Set down exactly the lines below, starting at the one that contains "Lec 20 Question" and ending at the one that contains "畅享汗汗漫画无障碍登陆体验，轻松看漫画的最佳选择", with both of those lines included and nothing else.

[Listed records — start]

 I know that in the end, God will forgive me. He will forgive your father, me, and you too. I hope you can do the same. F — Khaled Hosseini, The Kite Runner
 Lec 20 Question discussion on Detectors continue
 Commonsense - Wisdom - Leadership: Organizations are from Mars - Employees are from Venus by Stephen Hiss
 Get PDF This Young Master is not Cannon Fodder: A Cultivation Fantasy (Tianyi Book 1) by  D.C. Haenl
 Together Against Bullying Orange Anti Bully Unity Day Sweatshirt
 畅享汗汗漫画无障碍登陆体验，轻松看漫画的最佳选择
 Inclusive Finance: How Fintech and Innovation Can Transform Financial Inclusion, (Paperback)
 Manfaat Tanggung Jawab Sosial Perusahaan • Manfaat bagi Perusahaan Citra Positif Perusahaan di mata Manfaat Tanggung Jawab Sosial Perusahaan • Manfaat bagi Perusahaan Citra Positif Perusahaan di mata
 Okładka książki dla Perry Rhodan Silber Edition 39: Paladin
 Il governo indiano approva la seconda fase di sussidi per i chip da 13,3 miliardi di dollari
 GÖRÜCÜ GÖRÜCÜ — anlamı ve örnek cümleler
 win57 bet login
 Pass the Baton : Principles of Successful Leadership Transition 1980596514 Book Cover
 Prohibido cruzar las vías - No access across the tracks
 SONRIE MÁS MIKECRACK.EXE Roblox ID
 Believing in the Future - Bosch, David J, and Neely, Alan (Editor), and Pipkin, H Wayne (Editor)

[Listed records — finish]

## [Written solution]
 Lec 20 Question discussion on Detectors continue
 Commonsense - Wisdom - Leadership: Organizations are from Mars - Employees are from Venus by Stephen Hiss
 Get PDF This Young Master is not Cannon Fodder: A Cultivation Fantasy (Tianyi Book 1) by  D.C. Haenl
 Together Against Bullying Orange Anti Bully Unity Day Sweatshirt
 畅享汗汗漫画无障碍登陆体验，轻松看漫画的最佳选择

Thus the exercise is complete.